Our principal finding is that placental malaria predicted a relatively weak IFNγ response to PPD a year after birth, which was also a year after the administration of the BCG vaccine. No difference was detectable at 6 months, probably because of the low response in both groups.
By contrast, we did not find an association between PM and responses to CMV. There are distinct differences in the presentation of BCG and CMV, as the BCG vaccine is administered within 24 h of birth and is present for a limited period of time. Gambian infants are usually infected with CMV several weeks after birth [28
], after which it establishes a persistent infection so that the host is exposed to CMV antigens for the rest of their life [29
]. The contrast between the associations with BCG and CMV suggests two mutually compatible explanations. The first is that the influence of PM on the response to BCG is stronger because the exposure to BCG occurred chronologically closer to the exposure to the exposure to placental malaria. The other is that the persistently high antigen exposure in CMV-infected infants drove the immune response to overcome any deleterious influence of PM.
The lack of effect on responses to CMV contrasts with earlier findings that malaria episodes are associated with low responses to another persistent herpesvirus, Epstein-Barr virus (EBV), and also with higher EBV viral loads [30
], implying poor immune control of viral replication. However, our study differs substantially from the studies that generated these findings as apart from the fact that the natural histories of CMV and EBV infection are very different, the children in our study were younger than most of those in the previous studies. Further, the previous studies were on children who either had a recent malaria episode or were frequently infected, while the infants in our cohort were exposed to PM and very few developed malaria in the subsequent year, implying little or no exposure to P. falciparum
We have previously reported that in BCG-vaccinated infants below 12 months, few CD4 T-cells produce IFNγ in response to PPD [33
], so it is likely that differences associated with PM were simply undetectable until the CD4 T-cells of the infants were producing enough IFNγ for a difference to be apparent.
The numbers were too small to analyse for the effects of acute, chronic and past PM. However, the relative proportions of the three types were similar in the infants sampled at six and 12 months, making it unlikely that the appearance of a difference at 12 months was due to a difference in the type of PM among the PM+ infants.
The sizes and weights of infants at birth in the PM+ and PM- groups were comparable, so we could exclude the confounding effects of premature birth and low birth weight which are well described for PM [1
]. The exclusion criterion of low birthweight also ruled out the effect of prenatal undernutrition, which is associated with poor immune development [34
] and while we have previously found an association between PM and congenital cytomegalovirus infection [36
], we found no evidence that congenital cytomegalovirus modulated the responses of CD4 T-cells to PPD [24
] in a much larger and more powerful study.
Testing for HIV was not carried out, but a survey carried out in the nearby town of Serrekunda from 2000 to 2001 found a prevalence of 1.0% among pregnant women [37
], and a recent screen of women in Sukuta confirmed the rates to be < 1% (unpublished), thus HIV was unlikely to be a serious confounder.
Helminth infection has been shown to modulate immune responses to mycobacterial antigens in BCG-vaccinated children [38
], but we found that intestinal helminth infections are not endemic in infants in the Sukuta area after a screen of fecal samples collected at 12 months of age (unpublished). However, the possibility has been raised that helminth infection during pregnancy may reduce the IFNγ response to PPD [41
], which we cannot eliminate as we did not screen the mothers for intestinal infections.
By 12 months of age, the PM+ infants were slightly smaller than the PM- infants. As there were no differences at birth, the difference at 12 months implies that PM was associated with reduced growth, which concurs with our findings from the entire cohort from which infants were selected for the analysis presented here [25
]. Similarly, the differences in IFNγ response emerged between 6 and 12 months, suggesting that PM was predictive of deleterious effects that remained present 12 months after birth.

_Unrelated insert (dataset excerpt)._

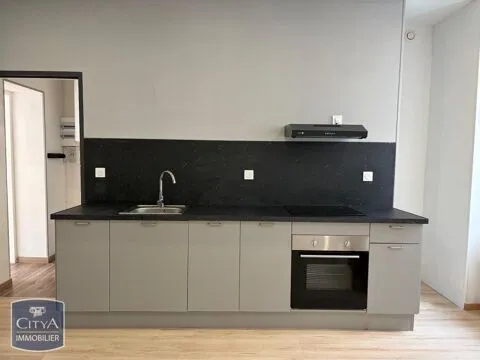 Köök - Charming 3-Bedroom Apartment in Vichy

Although no correlate of protection to tuberculosis has been identified, the ability to generate IFNγ-producing T-cells has been shown to be important, as defects in IFNγ signalling lead to a high susceptibility to tuberculosis disease [19
]. While it is possible that the reduced number of IFNγ-producing cells indicated a shift in response profile, rather than an overall loss of T-cell response, it is still likely that a reduced number of IFNγ-producing CD4 T-cells represents a reduced level of protection.

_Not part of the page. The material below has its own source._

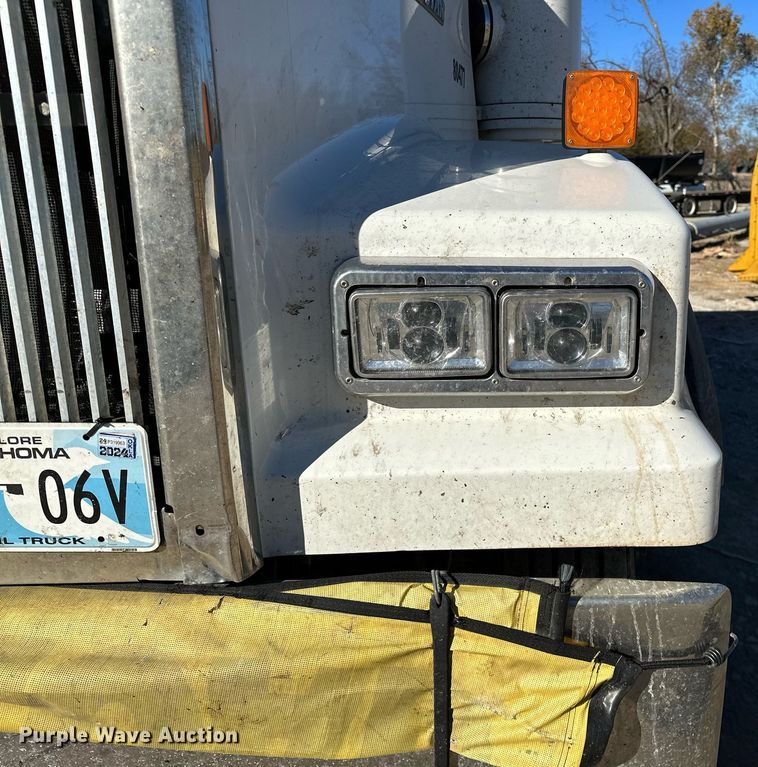 image for item LK9648 2013 Western Star 4900 semi truck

While we detected an association between PM and reduced immune response to BCG vaccination at birth, the scope of the study did not extend to establishing whether there was a direct causal link. Although PM makes infants more susceptible to subclinical P. falciparum
infection and episodes of malaria [5
], it is unlikely that the lower responses of PM+ infants were due to the immunosuppressive effect of repeated malaria episodes [43
] as we did not find a higher rate of malarial disease in PM + infants. While we could not exclude all possible confounders, no effect that we were able to measure showed any association with reduced responses other than exposure to PM.